▽
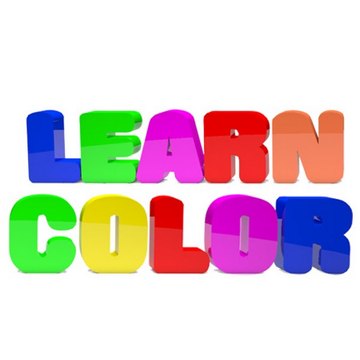 Canal learn colortrix kids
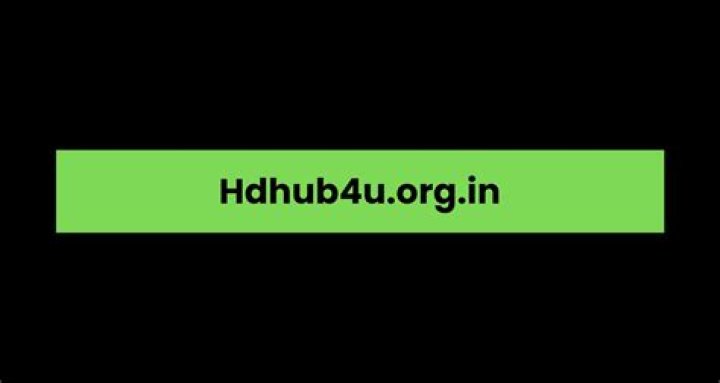 Exploring HDHub4u: A Comprehensive Guide to Movies and Series Streaming
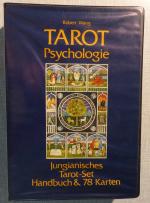 Tarot Psychologie : Jungianisches Tarot-Set,Handbuch und 78 Karten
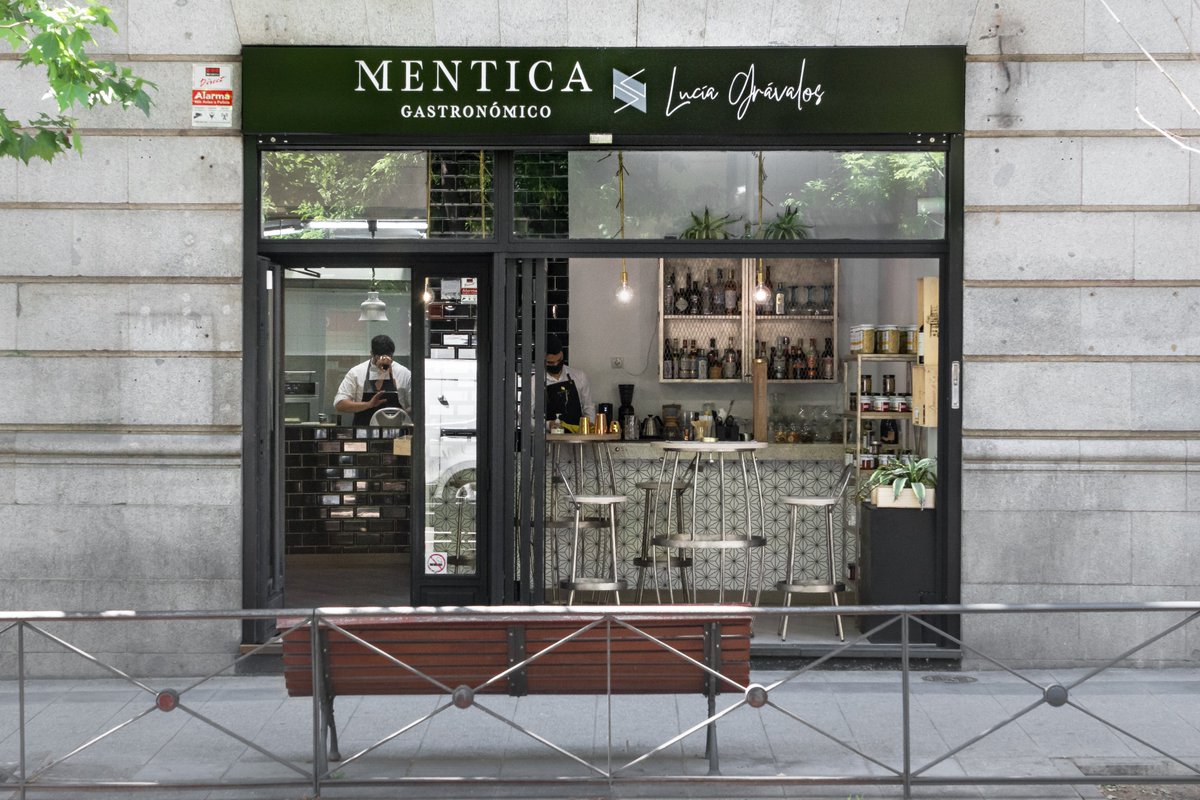 cocina_futuro's tweet photo. "Tener una base sólida te permite crear después todo lo que quieras”. https://t.co/oz7qwCnrEg
Con #LuciaGravalos en #Mentica
Fotos @elgranjero_es https://t.co/pdi7xnUOUJ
△
▸ DIRECTIONS FOR THIS TASK: Copy the data character for character, but drop all pictures from the copy.

▸ EXERCISE OUTPUT:
 Canal learn colortrix kids
 Exploring HDHub4u: A Comprehensive Guide to Movies and Series Streaming
 Tarot Psychologie : Jungianisches Tarot-Set,Handbuch und 78 Karten
 cocina_futuro's tweet photo. "Tener una base sólida te permite crear después todo lo que quieras”. https://t.co/oz7qwCnrEg
Con #LuciaGravalos en #Mentica
Fotos @elgranjero_es https://t.co/pdi7xnUOUJ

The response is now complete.